GPflow version 1.2.0 or newer:
https://github.com/GPflow/GPflow/tree/v1.2.0

Main scripts

1. Simple example of Dirichlet-based Classification

run_dirichletGP_example.py is a demonstration of Dirichlet-based classification, where a synthetic dataset is used.

2. Evaluation experiments

run_evaluation_experiment.py performs evaluation of the following methods:

  • gpc: Variational GP classification (Hensman2015)
  • gpd: Our Dirichlet-based approach based on Titsias2009
  • gpr: GPR classification based on Titsias2009
  • gprc: GPR classification with post-hoc calibration (Platt scaling)

We record various metrics (error rate, MNLL, ECE) and the time required for training (ie optimisation of hyperparameters and/or variational parameters).
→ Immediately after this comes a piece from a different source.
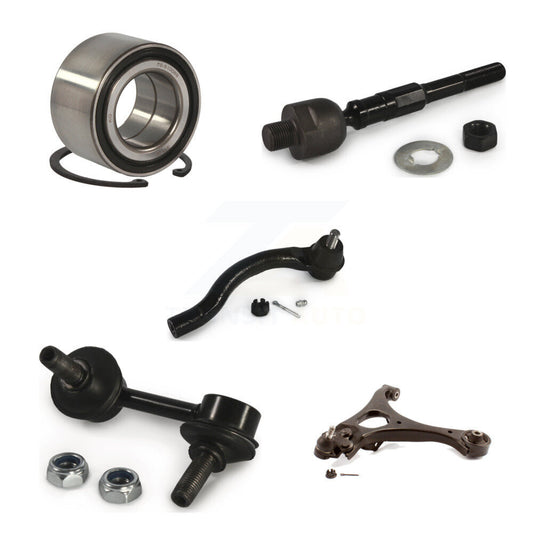 Bearing Lower Control Arm Tie Rod End Link Front Right Kit (5Pc) For Honda Civic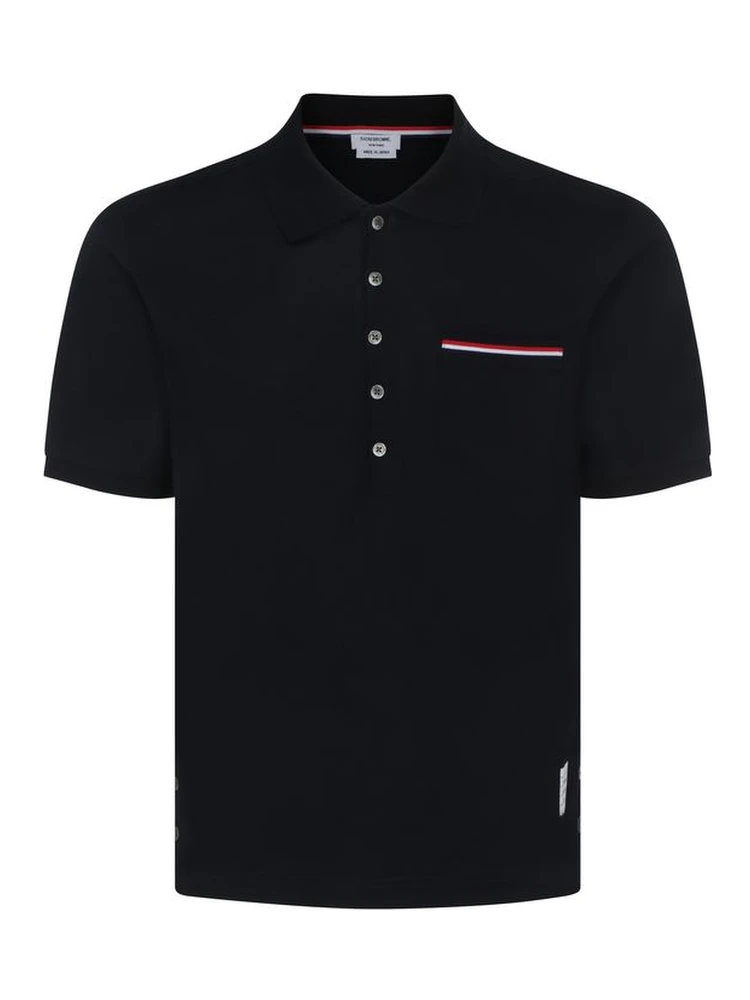 Blue Cotton Polo Shirt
The results can be seen by running the print_evaluation_result.py script in the results directory.

For the hyperparameter optimisation process we use ScipyOptimizer of gpflow; optimisation is carried on until convergence is detected.

usage: run_evaluation_experiment.py DATASET XX where:

  • DATASET is the directory name of the dataset (see the relevant section)
  • XX is the split index (two decimals with a leading zero if needed; eg 01)

3. Monitoring experiments

run_monitoring_experiment.py records the progression of various metrics over time for the following methods:

  • gpc: Variational GP classification (Hensman2015)
  • gpc_mb1: Hensman2015 with minibatch of size 1000
  • gpc_mb2: Hensman2015 with minibatch of size 200
  • gpd: Our Dirichlet-based approach based on Titsias2009

The results can be visualised by running the plot_monitoring_result.py script in the results directory.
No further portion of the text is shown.